Ellen Korman Mains
Boulder, CO
My mother was one of two survivors of her family from Lodz. Long after she passed away, I learned that she and her family had happily spent every summer with their large extended family in the small nearby town of Tuszyn – until the Holocaust.
In 2010 I visited Tuszyn, alone, to see if the place itself would speak to me about the past. Unbeknownst to me, a few hundred feet from where I stayed was the unmarked and overgrown Jewish cemetery where some of my relatives were buried. Something stirred deep within me that night.
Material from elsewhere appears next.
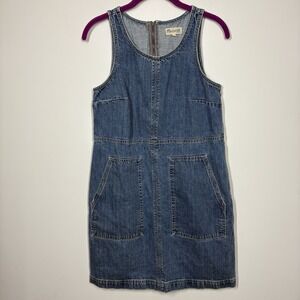 Madewell Womens Denim Jumper Dress Size M 90s Country Pockets Cottagecore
I felt a profound, loving connection with my ancestors and a re-awakening of my own life force. But I didn’t know what to do with that feeling. I continued visiting Poland and doing research about the Holocaust and my family, which I described in my book “Buried Rivers: A Spiritual Journey into the Holocaust” (2018).
The next year, 2019, a Polish school teacher in Tuszyn reached out to me, looking for Jewish descendants from Tuszyn. He drove me from Warsaw straight to the unmarked, overgrown and trash-filled cemetery in Tuszyn, next to the place I had stayed. He was passionate about honoring and remembering the former Jewish community of his town and we immediately became partners. I was lucky to find such support despite the challenges, but many descendants don’t know how to begin. FJCP can provide much needed support, resources and comradeship.